Suara-suara itu memenuhi ruang pendengaran Nila. Memang bukan berupa teriakan keras. Tidak menggelegar. Justru hanya berupa nada-nada lirih berulang-ulang, namun mungkin sudah hampir satu jam nyaris tanpa henti.
“Tapi mama nggak siap, pa! Mama nggak mau! Nggak suka!” Kemudian Nila mendengar mamanya kembali menangis. Sedih sekali. Bercampur sedikit kemarahan dan rasa putus asa. Tubuh kecilnya bahkan sampai ikut terhempas keras ke kiri dan ke kanan mengikuti guncangan isak tangis beliau. “Tolong pa, mama nggak siap… Mama lebih suka dia nggak usah ada dulu..”
Tak banyak Nila mendengar papanya bersuara menimpali. Mungkin ia itu juga bingung menyikapi keadaan. Atau sedih melihat sikap istrinya. Atau bisa jadi iapun sebenarnya sedang marah dan kecewa pada diri sendiri. “Ya harus gimana lagi, ma.. ini kenyataan. Memang bukan maunya kita, tapi maunya Tuhan..”
“Tapi mama nggak bisa terima! Mama belum siap menjalani ini lagi pa…”
Sakit bagi Nila yang hanya bisa mendengar dari sebuah ruang gelap dan sempit. Entah mereka menyadari atau tidak. Seandainya saat itu Nila sudah punya dua tangan yang bisa ia gerakkan untuk menutup telinganya rapat-rapat. Atau seandainya ia sudah punya mulut yang bisa digunakan untuk menyanyikan lagu rock keras-keras supaya pembicaraan dua orang dewasa itu tak perlu ikut didengarnya...
“Maafkan Nila, mama..” dalam ketidakmengertian, jiwa yang terlanjur terperangkap dalam tubuh yang belum terbentuk sempurna pada rahim ibunya itu hanya bisa berbisik lirih. Penuh kebingungan, tapi ia sudah harus ikut merasa bertanggungjawab atas sebuah kemarahan serta kesedihan. Jadi tak perlu berharap sebuah senyum bahagia akan menyambutmu diluar sana nanti, Nila.. sejak dini iapun mulai menyiapkan dirinya sendiri.
—
Mas Bimo belum genap berusia 3 tahun dan mbak Sari baru akan memasuki usia 2 tahun beberapa bulan lagi, saat akhirnya Nila “terpaksa” hadir di muka bumi.
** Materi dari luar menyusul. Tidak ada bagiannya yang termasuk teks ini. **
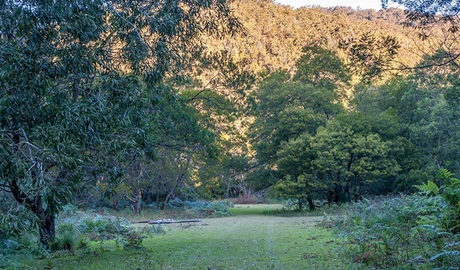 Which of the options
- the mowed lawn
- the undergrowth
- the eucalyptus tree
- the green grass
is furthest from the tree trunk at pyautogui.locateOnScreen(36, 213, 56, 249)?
the green grass

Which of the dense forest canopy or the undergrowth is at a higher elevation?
the dense forest canopy

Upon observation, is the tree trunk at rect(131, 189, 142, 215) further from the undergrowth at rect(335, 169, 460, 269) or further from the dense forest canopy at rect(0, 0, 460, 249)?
the undergrowth at rect(335, 169, 460, 269)

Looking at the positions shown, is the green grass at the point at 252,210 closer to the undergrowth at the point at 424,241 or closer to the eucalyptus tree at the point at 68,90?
the eucalyptus tree at the point at 68,90

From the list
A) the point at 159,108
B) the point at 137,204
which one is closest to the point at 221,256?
the point at 159,108

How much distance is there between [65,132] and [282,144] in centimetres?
2265

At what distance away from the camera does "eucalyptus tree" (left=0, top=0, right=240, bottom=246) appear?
701 cm

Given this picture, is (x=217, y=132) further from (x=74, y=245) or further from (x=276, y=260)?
(x=276, y=260)

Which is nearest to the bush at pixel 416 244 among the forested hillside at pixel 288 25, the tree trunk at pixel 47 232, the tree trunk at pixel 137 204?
the tree trunk at pixel 47 232

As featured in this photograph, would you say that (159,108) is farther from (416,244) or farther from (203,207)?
(203,207)

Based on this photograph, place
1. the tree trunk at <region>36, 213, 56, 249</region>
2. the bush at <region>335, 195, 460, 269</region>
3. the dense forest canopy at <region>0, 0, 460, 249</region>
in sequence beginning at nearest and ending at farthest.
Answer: the bush at <region>335, 195, 460, 269</region>, the dense forest canopy at <region>0, 0, 460, 249</region>, the tree trunk at <region>36, 213, 56, 249</region>

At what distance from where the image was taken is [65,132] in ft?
23.8

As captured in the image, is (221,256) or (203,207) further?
(203,207)

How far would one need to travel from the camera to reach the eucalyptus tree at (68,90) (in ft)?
23.0

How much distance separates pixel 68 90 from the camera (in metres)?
8.38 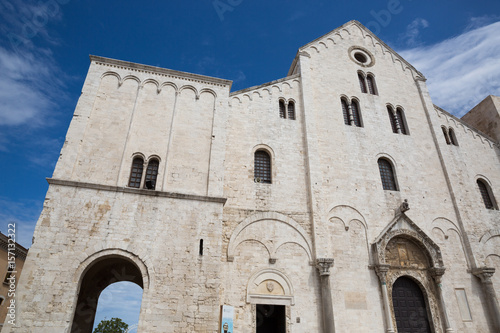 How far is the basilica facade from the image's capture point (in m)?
10.1

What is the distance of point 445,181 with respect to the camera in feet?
53.0

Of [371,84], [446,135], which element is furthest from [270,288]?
[446,135]

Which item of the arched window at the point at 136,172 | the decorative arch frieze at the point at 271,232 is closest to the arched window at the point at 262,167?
the decorative arch frieze at the point at 271,232

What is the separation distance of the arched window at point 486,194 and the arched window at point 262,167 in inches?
467

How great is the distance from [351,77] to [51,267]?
16606 mm

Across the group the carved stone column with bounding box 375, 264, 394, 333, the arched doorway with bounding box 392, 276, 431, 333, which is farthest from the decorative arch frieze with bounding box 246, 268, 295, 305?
the arched doorway with bounding box 392, 276, 431, 333

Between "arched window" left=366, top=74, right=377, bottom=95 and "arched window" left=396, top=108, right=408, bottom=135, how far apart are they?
66.5 inches

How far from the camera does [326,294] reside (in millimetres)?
11602

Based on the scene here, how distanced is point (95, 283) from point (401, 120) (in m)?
17.4

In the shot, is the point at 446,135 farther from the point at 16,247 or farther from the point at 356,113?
the point at 16,247

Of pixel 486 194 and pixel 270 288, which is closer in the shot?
pixel 270 288

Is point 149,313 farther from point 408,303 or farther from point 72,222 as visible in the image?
point 408,303

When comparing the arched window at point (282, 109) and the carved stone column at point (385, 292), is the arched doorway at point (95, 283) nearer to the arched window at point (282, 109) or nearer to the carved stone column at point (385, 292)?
the arched window at point (282, 109)

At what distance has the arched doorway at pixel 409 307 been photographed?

Merepotkan, sudah pasti. Mengurus 3 orang anak batita dalam waktu bersamaan, dengan kondisi perekonomian keluarga yang masih sangat seadanya, Nila kecil seperti sudah paham betapa sulitnya posisi kedua orangtua mereka, terutama mamanya.
Tak banyak menuntut perhatian, tak banyak meminta apapun. Konon menurut cerita, sejak kecil Nila lebih banyak diam saat marah, sedih ataupun sakit. Seperti sengaja tak ingin berbagi karena takut semakin merepotkan. Dibesarkan bersama-sama dengan Mas Bimo, sang putra pertama yang seperti “pangeran” dalam keluarga, lalu ada pula Mbak Sari yang cantik, lincah, cerdas, ceria dan selalu pintar menarik perhatian semua orang.. kata beberapa orang terdekat, Nila punya karakter sebagai “si kuat” (atau justru sebenarnya “si rapuh”?) dan lebih suka merahasiakan semua perasaannya di dalam hati..
Anyway, welcome to the world, Nila… like it or not, you are here now. Good luck.